Unionized workers at Chilean copper mine Spence, owned by global diversified miner BHP Billiton Ltd. (BHP), went on strike at the start of the first shift Tuesday.

The mining industry in Chile is closely following the negotiations process, as contracts at several other mines will expire later this year and in early 2010.

Over a three-day holiday weekend, the 560-strong union voted against the mining company's latest wage and benefits offer, union members said.

Ore extraction has been halted, but the copper processing plant's solvent extraction/electrowinning facilities are still operating, said BHP spokesman Mauro Valdes.

"Our main focus is an orderly mine shutdown, centering on maintaining our workers and our equipment safe," Valdes said.

He added that while local legislation allows for a company to replace workers as soon as the strike begins, BHP has opted to not exercise that right at the moment.

The union and mine management last week agreed to extend the five-day government-assisted mediation period in the hopes of reaching an agreement.

Contracts expired Sept. 30. The union sought a 5.5% wage increase, improved benefits and bonuses totaling 15 million Chilean pesos ($27,100).

The open-pit Spence mine, which came on line a few years ago, produced about 165,000 metric tons of copper cathodes last year.

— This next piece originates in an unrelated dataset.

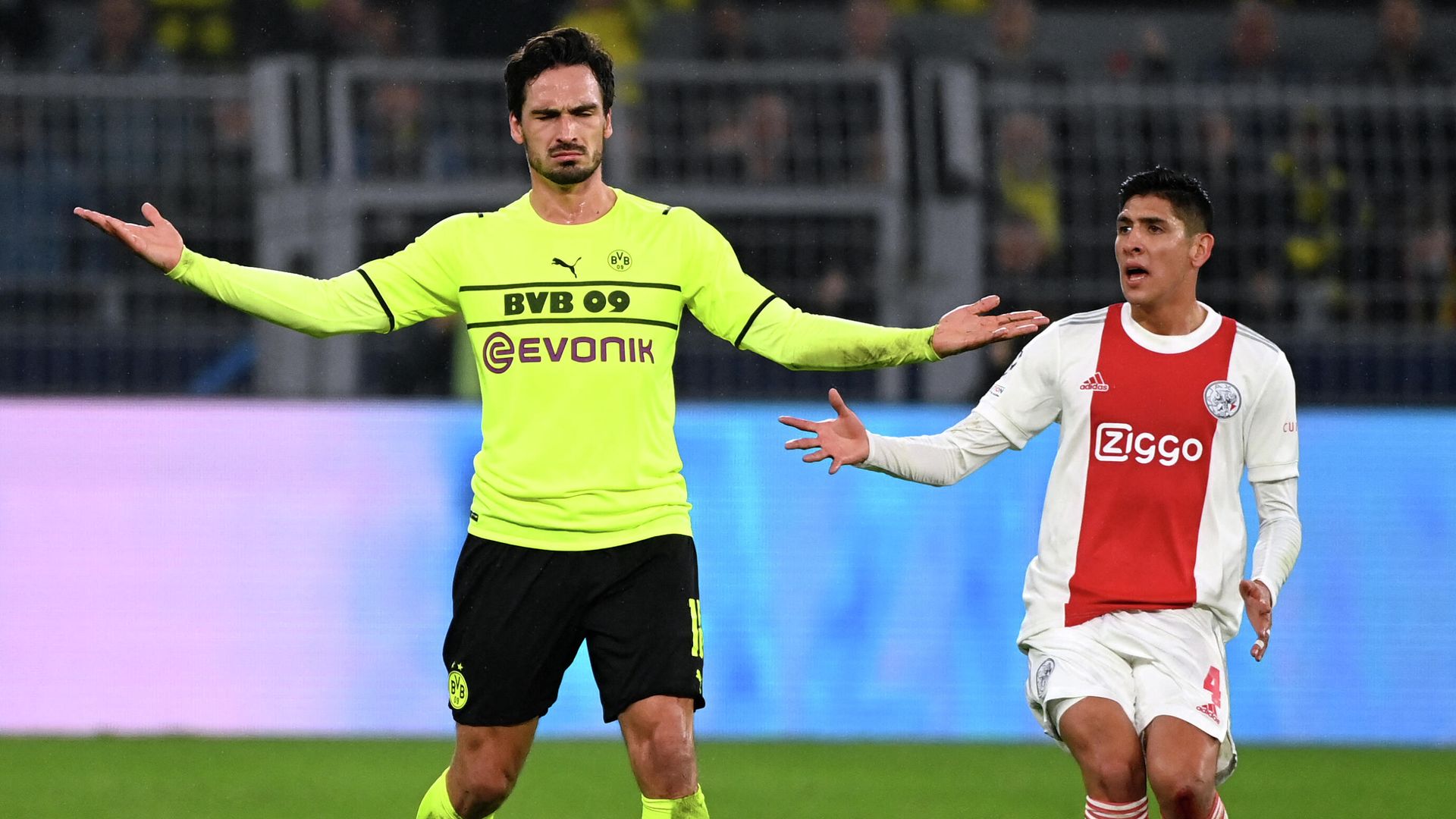 Dortmund's German defender Mats Hummels (L) reacts during the UEFA Champions League, Group C, football match BVB Borussia Dortmund V Ajax Amsterdam in Dortmund, western Germany on November 3, 2021 (Photo by Ina Fassbender / AFP) Dortmund's German defender Mats Hummels (L) reacts during the UEFA Champions League, Group C, football match BVB Borussia Dortmund V Ajax Amsterdam in Dortmund, western Germany on November 3, 2021 (Photo by Ina Fassbender / AFP) - РИА Новости, 1920, 04.11.2021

This is Spence's second collective-bargaining process. The first was negotiated in 2006 before the mine went into production.

BHP also owns the Cerro Colorado mine and controls and operates the Escondida copper mine in Chile. Last week, BHP offered the more than 2,000 members of the union at the latter mine an early wage and benefits package to avoid a possible strike. Earlier Tuesday, the Escondida union accepted the wage and benefits package for a 44-month term.

In 2006, when copper prices were booming, Escondida workers went on strike for nearly a month, bringing the world's largest copper mine to a standstill as they sought higher wages and production bonuses.